As soon as a bubble forms, these bipolar molecules are attracted to the surface between air and water and accumulate around the surface of the bubble, with the heads pointing outward and the tails pointing inward. This gives the bubble some stability and will resist bursting for some time. Those of us who periodically see a foam on the surface of our ponds are actually observing this phenomenon which is evidence of a high DOC level in the water.

Foam fractionation capitalises on the dual personality of the dissolved organic molecules and involves creating a fine mass of bubbles, encouraging the DOC molecules to create a stable foam. The foam then naturally rises above the water surface, collecting in a chamber which requires either manual emptying or is fitted with a drain to waste.

When a foam fractionator is first installed, phenomenal quantities of foam (and the final brown liquid) are first formed as the DOC molecules are attracted en masse to the air/water interface. Over time, as the DOC concentration drops, so does the rate at which the foam is formed and liquid ‘protein’ removed. When run continuously, in similar fashion to a UVc, (as a bleed off the main pump or benefiting from its own dedicated pump) once it has cleared the residual problem, it should keep on top of any subsequent DOC accumulation.

Other Benefits of Foam Fractionation.

Besides removing discolouration from the pond water, a protein skimmer helps to maintain the stability of water quality. Once you see what it can remove from your pond water, you may be troubled by your conscience as to what you have been allowing your koi to swim in for the last few years.
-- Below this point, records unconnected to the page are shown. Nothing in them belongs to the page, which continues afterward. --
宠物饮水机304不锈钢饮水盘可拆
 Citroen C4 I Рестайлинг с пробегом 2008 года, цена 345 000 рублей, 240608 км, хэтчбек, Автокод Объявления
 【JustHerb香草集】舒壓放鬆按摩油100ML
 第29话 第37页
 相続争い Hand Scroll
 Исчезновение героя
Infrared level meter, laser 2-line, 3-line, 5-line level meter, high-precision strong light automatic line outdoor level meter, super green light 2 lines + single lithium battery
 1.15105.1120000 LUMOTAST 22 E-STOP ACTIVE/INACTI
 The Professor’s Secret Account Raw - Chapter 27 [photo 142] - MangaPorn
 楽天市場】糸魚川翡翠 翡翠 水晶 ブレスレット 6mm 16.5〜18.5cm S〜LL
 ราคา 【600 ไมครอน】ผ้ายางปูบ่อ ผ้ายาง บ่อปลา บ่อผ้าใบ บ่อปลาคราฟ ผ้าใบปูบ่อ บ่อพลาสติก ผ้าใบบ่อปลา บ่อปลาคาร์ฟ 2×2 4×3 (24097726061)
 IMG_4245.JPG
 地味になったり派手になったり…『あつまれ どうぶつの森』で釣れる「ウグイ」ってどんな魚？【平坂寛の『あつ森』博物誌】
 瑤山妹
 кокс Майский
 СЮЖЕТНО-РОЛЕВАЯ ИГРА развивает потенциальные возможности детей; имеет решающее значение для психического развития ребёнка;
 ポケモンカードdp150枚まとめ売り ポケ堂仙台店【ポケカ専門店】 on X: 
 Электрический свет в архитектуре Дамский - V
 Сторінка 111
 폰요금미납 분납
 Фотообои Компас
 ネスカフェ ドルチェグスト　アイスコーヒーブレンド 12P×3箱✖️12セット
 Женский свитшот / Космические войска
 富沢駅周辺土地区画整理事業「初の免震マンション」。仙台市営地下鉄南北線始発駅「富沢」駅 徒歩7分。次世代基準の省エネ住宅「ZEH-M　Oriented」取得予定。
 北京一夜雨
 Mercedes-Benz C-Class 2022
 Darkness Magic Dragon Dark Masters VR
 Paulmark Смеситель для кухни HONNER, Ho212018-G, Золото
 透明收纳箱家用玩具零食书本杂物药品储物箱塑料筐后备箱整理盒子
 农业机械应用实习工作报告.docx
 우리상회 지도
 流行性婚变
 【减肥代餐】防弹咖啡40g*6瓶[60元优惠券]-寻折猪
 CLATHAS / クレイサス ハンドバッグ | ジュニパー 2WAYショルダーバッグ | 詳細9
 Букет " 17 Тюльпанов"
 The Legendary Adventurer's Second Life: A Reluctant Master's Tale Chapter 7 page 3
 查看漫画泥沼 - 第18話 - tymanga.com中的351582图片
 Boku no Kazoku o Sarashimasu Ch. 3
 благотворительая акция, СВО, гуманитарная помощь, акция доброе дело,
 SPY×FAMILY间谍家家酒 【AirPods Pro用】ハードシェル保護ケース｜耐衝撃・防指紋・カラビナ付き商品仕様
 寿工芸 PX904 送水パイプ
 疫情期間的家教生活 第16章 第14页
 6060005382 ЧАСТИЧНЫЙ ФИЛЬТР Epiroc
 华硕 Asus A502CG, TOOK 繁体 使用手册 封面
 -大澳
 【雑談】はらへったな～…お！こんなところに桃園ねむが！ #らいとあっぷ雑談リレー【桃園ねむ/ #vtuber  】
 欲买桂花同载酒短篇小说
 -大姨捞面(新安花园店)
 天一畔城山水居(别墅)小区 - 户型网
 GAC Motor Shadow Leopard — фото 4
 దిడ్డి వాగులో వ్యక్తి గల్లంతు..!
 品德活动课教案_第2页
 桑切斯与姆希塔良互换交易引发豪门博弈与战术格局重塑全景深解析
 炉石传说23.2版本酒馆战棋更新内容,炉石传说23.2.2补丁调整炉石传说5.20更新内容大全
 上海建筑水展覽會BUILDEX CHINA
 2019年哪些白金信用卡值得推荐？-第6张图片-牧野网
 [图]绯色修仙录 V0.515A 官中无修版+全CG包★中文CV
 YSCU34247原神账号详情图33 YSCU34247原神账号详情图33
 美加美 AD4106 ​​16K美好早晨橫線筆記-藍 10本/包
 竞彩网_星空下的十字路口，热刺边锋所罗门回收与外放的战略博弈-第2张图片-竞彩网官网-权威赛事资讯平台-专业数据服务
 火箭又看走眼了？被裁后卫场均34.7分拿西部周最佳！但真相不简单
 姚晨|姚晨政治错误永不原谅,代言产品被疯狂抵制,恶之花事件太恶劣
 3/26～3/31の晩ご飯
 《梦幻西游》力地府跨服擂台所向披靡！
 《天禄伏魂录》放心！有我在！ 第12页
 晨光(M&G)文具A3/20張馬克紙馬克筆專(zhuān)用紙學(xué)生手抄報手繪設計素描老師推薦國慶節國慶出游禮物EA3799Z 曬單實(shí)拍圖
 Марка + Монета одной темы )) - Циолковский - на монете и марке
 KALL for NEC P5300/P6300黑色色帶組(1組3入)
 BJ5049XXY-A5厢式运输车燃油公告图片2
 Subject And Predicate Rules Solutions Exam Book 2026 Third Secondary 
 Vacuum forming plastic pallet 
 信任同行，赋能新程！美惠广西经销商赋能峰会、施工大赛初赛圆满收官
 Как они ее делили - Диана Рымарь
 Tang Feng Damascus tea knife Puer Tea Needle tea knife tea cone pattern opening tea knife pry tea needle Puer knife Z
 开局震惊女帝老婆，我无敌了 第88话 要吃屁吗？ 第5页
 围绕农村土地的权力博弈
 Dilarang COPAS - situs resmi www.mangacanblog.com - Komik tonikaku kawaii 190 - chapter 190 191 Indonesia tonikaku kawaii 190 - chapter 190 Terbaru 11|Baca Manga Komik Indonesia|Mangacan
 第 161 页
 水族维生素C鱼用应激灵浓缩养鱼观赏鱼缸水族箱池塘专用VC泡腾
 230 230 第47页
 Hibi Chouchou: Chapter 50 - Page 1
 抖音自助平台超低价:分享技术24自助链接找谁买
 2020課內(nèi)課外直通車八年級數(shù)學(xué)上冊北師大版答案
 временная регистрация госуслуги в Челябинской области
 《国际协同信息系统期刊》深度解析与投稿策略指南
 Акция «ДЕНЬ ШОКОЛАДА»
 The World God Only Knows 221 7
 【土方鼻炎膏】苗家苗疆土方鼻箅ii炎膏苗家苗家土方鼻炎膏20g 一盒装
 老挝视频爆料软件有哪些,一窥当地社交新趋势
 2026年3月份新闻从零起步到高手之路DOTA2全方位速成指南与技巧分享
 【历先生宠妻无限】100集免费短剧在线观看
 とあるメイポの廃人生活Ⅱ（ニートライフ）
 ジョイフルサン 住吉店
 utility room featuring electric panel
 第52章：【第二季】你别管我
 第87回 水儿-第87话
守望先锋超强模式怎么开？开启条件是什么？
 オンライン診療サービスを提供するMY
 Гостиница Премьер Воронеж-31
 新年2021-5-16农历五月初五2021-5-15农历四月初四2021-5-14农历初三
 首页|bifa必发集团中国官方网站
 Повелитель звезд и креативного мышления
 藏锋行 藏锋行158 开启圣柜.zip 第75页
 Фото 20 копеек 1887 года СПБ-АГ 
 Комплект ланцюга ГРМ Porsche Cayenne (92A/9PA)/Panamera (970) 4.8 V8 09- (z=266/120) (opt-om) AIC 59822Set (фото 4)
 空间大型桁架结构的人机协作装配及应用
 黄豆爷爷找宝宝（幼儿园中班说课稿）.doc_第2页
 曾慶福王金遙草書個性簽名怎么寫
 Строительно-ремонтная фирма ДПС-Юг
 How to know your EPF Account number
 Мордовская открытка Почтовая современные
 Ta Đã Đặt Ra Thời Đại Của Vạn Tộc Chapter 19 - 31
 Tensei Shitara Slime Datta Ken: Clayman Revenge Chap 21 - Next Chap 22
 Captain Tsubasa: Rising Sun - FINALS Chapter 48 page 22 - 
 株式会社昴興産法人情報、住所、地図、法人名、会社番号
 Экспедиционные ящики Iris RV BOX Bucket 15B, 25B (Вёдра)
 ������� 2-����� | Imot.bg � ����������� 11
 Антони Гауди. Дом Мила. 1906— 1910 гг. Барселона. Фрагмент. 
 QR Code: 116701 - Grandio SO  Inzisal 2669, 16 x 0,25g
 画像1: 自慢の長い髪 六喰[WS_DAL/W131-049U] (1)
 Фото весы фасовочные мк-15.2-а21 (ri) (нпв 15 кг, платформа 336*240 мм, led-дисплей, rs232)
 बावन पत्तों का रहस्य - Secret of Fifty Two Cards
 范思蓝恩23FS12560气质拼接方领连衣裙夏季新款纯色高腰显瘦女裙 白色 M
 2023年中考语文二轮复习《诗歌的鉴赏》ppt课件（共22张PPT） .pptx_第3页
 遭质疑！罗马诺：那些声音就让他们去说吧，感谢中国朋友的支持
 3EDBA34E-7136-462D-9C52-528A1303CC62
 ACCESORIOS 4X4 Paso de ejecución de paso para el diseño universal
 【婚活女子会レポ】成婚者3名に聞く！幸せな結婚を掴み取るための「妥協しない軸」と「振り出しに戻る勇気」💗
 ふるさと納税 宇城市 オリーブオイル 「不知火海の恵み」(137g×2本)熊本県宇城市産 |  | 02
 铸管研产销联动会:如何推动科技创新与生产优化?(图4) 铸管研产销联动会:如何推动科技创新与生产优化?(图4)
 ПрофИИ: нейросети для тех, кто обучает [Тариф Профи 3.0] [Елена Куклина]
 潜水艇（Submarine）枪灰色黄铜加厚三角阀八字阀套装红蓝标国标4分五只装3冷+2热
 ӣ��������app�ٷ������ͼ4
Furthermore, the removal of the burden that DOC can place on the oxygen demand created by heterotrophic bacteria will reap benefits of improved oxygenation of the pond and better biofilter performance all round.

Foam fractionation provides us with the ability to provide koi with appreciably better water quality. As DOC is not a standard parameter that can be easily measured, we can be led into assuming that it doesn’t exist. Yet seeing what can be removed and achieved when using a foam fractionator should be incentive enough for you to consider the benefits of installing one.